With hindsight, this episode can already be seen as one of the greatest scandals in U.S. history. Many lenders and borrowers behaved disgracefully, and regulators should never have allowed them to do so. But it was financial innovation that enabled them. The agents who made loans had been separated from the principals who bore the risk of those loans, and banks’ decline gave them an incentive to behave badly. The sum effect was to give debtors—whether smaller companies or subprime homeowners—credit at prices far cheaper than ever before.

That cheap credit fed into other markets and inflated them. House prices shot up in the United States and in countries like the UK and Spain. While house prices—lenders’ collateral—were rising, subprime lending seemed easy to justify, so more lending led to still higher prices. The cheap credit also drove the stock market.

Companies can finance themselves by either debt or equity. Usually equity, in which their investors are entitled to a share of earnings, is cheaper for them. In other words, usually earnings as a proportion of the price of the shares they issue are lower than interest payments as a proportion of the debt they issue.

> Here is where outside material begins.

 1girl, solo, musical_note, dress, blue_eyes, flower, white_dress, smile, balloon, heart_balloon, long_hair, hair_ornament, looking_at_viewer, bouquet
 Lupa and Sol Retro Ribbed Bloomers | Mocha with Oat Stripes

But now, debt was cheaper for companies than equity, so corporate managers could boost their market value by borrowing money to buy up their own shares. This reduced the supply of shares in circulation and thus pushed up the value of each remaining share for shareholders. By the spring of 2007, U.S. companies were spending $3 billion each day doing this, according to the research group TrimTabs. Activist investors poured their energy into forcing companies to take on more debt or to pay out big dividends.

Money also poured into private equity funds, the new name for what in Michael Milken’s era had been called corporate raiders. Nine of the ten biggest leveraged buy-outs in U.S. history happened in 2006. In Europe, where stocks had traditionally traded at lower multiples to earnings, equity finance was more expensive for companies, and this financial engineering made even more sense.

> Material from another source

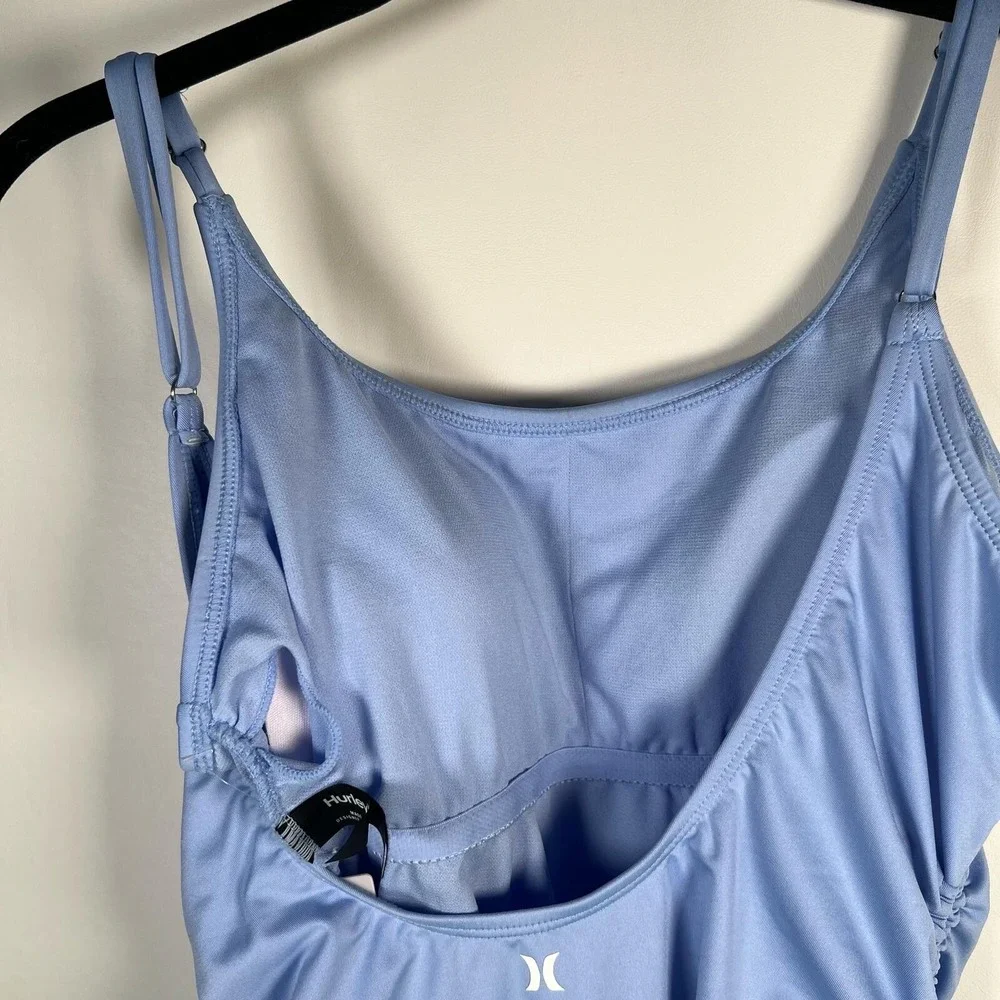 NWT Hurley Light Blue One Piece Swimsuit Front Logo Ruched Sides HURN23017 LARGE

Thus credit and stock markets grew interlinked. Stock market growth rested on cheap credit, not any underlying growth, and Western companies were under pressure to borrow rather than to invest in growth opportunities. Again, it was unclear which markets were driving up which others—they had become a mutually reinforcing cycle.

It is easy to see, therefore, why the Fed tried to scare the big banks behind all this activity. Fatefully, however, the bankers got their act together just enough to satisfy their supervisors. “These institutions have taken this thing seriously, as have their regulators,” said Gerald Corrigan, the former New York Fed governor charged with breathing down the banks’ necks, in late 2006. “So far so good in terms of damage control.”3 But Corrigan carefully did not declare victory, which was just as well. A few months later, the extent of the interconnections between markets, and of the overconfidence they had fueled, would be made brutally obvious. The correlated and fearful rise of markets was ready to turn into a synchronized sell-off.

In Summary

• Credit default swaps started as a risk-management tool but enabled the systemic underpricing of credit. This made financing cheaper and pushed up prices of assets across the world.

• Critically, credit derivatives enabled funds to flow toward subprime mortgage borrowers. This blew up the synchronized bubble to unsustainable proportions.